A Long Tradition
The study of German language and literature has been part of the university’s curriculum from its beginnings in 1869. Initially, German was one of four Western European languages taught by just one professor, Paul Pioda. In 1874, Albin Putzker became the first official professor of German language, and ten years later, with two faculty members, a distinct German Department was established. Because of the department’s small size, it offered limited courses and lacked a cohesive graduate program during its first twenty years. During this time, however, German was required for many science majors, and about one third of the student population studied the language.
The turn of the century was a time for growth in German studies. By 1907, Berkeley’s German Department boasted eight full-time faculty members, student enrollment increased, and undergraduate and graduate course options expanded. In 1908, the first dissertation was written on “Der junge Goethe und das Publikum”; dissertations on topics in Germanic Linguistics and Medieval Studies followed, and in 1923, Isabel MacInnes received a PhD with a dissertation titled “The Influence of Feminism on the German Women Novelists.”
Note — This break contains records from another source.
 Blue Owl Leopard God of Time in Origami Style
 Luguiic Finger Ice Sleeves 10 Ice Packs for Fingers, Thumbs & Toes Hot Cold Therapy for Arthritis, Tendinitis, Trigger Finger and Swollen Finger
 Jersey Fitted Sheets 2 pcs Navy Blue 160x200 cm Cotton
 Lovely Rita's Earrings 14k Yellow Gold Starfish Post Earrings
During and after World War I, student enrollment dropped sharply and the department was criticized for the alleged pro-German sentiments of some of its faculty. Yet in the late 1920s and 1930s, there was a steady increase in student numbers, reaching a total of about 1,600 students on the eve of World War II. Despite the decline during the war years, in 1946, no fewer than 2,172 students enrolled in German courses.
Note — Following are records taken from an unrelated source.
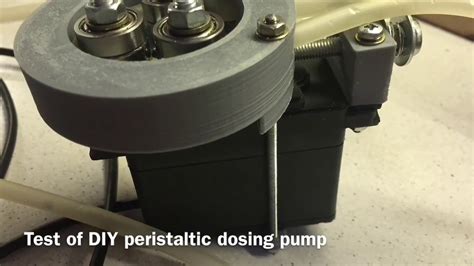 Diy peristaltic pump made with wooden case, silicon hose, stainless homemade peristaltic pump used to pump wert from the boil kettel through a chiller into the fermenter at a rate of 1 gal./min. Test of DIY peristaltic dosing pump - YouTube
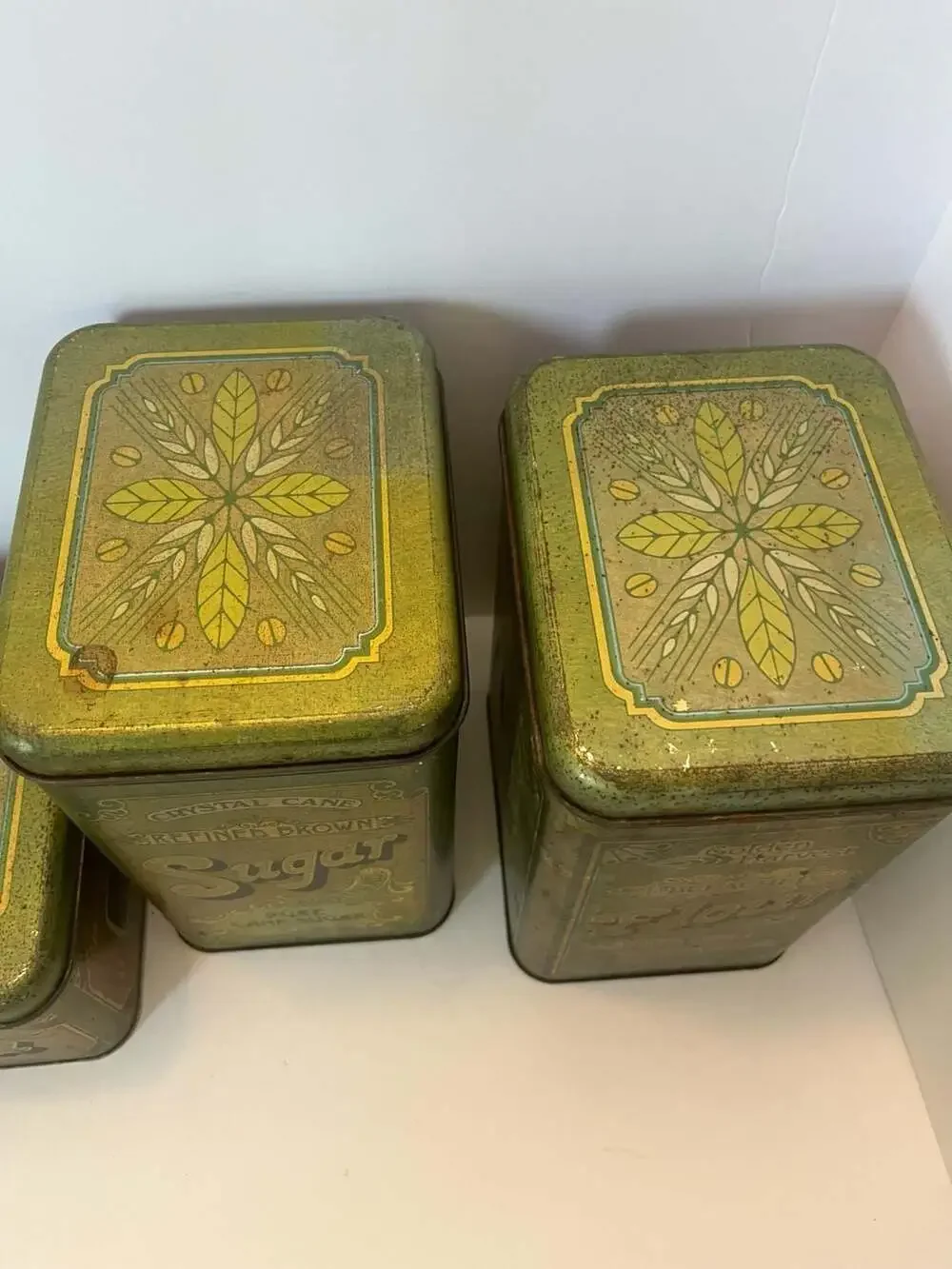 Vintage Cheinco Green Kitchen Canister Set (Coffee, Tea, Sugar, Flour)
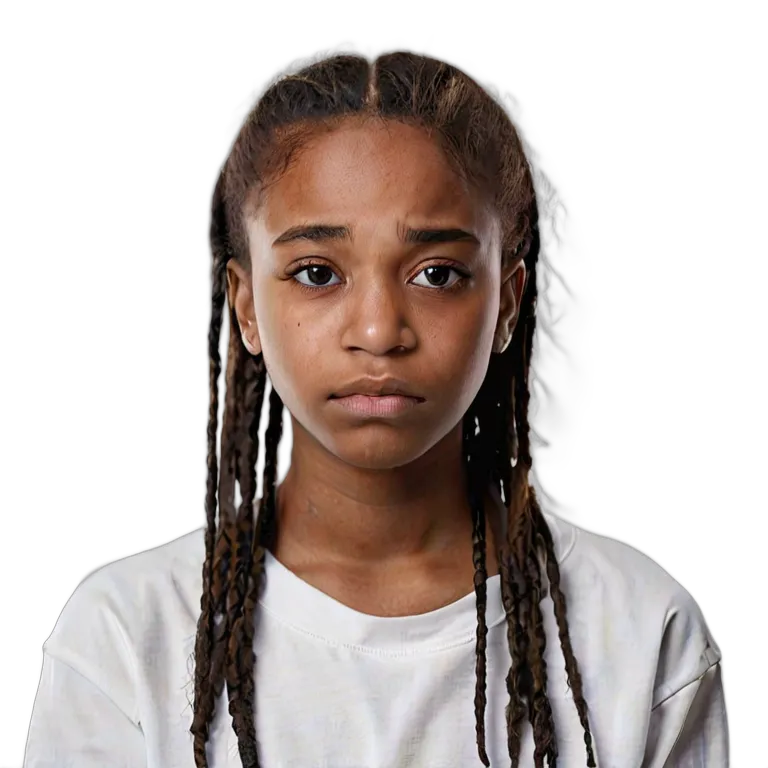 人間 悲しみ 悲しそうに物思いにふけるアフリカ系アメリカ人の10代の少女 透過 PNG 画像 フリー素材 #37931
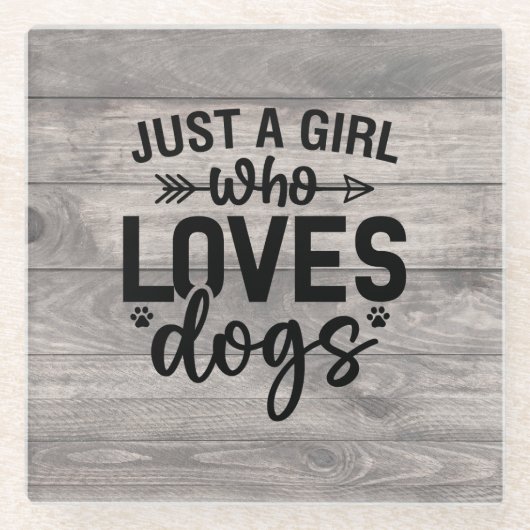 彼女の犬のコースターを愛しているだけの女の子 ガラスコースター (正面)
After World War II, the German Department continued to expand and soon became the largest in the United States. By the mid-1960s, there were twenty-three full-time staff members and up to seventy teaching assistants. This faculty provided a liberal arts education to thousands of students, including about a hundred undergraduate majors, as well as professional training as scholars and teachers to some eighty or ninety graduate students.
Thinking across Cultures
We are mindful of our position as a foreign language and culture department within the increasingly diverse student population of our campus where currently over 75 foreign languages are spoken and taught. What is more, German culture itself has become increasingly diversified over the past sixty years as a result of migration, European integration, and globalization.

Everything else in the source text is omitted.